XIV ВОССТАНОВЛЕНИЕ ПОРЯДКА. РЕЙХСТАГ И ПАЛАТА

We use cookies. Read the Privacy and Cookie Policy

XIV

ВОССТАНОВЛЕНИЕ ПОРЯДКА. РЕЙХСТАГ И ПАЛАТА

Правительства Пруссии и Австрии использовали первые месяцы 1849 г., чтобы пожать плоды успехов, достигнутых в октябре и ноябре 1848 года. Со времени взятия Вены австрийский рейхстаг вел чисто номинальное существование в маленьком провинциальном моравском городке Кремзире {Чешское название: Кромержиж.
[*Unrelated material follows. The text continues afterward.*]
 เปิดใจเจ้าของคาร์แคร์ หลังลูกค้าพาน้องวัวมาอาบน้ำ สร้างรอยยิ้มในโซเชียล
Ред.}. Там славянские депутаты, являвшиеся вместе с теми, кто их делегировал, главным орудием австрийского правительства, с помощью которого оно смогло выбраться из состояния полной беспомощности, были своеобразно наказаны за свою измену европейской революции. Как только правительство восстановило свою силу, оно стало проявлять величайшее презрение к рейхстагу и его славянскому большинству, а когда первые успехи императорского оружия возвестили о скором окончании венгерской войны, правительство 4 марта распустило рейхстаг и разогнало депутатов с помощью военной силы. Тут только славяне, увидев, наконец, что их одурачили, провозгласили: «Двинемся во Франкфурт и будем продолжать там дело оппозиции, которая здесь стала для нас невозможной!». Но было слишком поздно, и уже тот факт, что у них не нашлось иного выбора, как либо сохранять спокойствие, либо же присоединиться к бессильному Франкфуртскому собранию, — уже один этот факт достаточно показывает их крайнюю беспомощность.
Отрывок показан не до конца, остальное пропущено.